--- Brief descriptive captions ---
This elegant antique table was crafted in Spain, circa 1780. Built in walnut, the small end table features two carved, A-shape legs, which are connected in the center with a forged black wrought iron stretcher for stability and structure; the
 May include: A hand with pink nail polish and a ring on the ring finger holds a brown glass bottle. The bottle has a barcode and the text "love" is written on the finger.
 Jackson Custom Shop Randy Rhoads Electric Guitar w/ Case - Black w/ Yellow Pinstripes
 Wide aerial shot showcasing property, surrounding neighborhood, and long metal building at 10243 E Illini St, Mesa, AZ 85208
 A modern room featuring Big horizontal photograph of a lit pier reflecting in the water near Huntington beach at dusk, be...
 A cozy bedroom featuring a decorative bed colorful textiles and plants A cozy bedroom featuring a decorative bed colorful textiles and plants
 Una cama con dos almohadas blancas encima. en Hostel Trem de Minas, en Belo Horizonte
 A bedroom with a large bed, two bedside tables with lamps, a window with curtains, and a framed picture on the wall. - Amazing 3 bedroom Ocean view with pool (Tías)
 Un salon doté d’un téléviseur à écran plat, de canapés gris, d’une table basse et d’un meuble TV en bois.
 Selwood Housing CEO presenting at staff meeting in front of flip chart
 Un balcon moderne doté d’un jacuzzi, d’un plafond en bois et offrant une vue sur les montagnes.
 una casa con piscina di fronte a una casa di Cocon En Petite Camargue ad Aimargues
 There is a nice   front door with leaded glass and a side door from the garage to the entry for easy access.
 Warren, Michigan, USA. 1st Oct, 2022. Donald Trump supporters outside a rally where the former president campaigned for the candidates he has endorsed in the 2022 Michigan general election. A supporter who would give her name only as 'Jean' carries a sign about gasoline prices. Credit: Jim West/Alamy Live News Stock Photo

--- Assignment ---
Scan the records above for the word "doté". Show each line in which it appears.

--- Reply to the task ---
 Un salon doté d’un téléviseur à écran plat, de canapés gris, d’une table basse et d’un meuble TV en bois.
 Un balcon moderne doté d’un jacuzzi, d’un plafond en bois et offrant une vue sur les montagnes.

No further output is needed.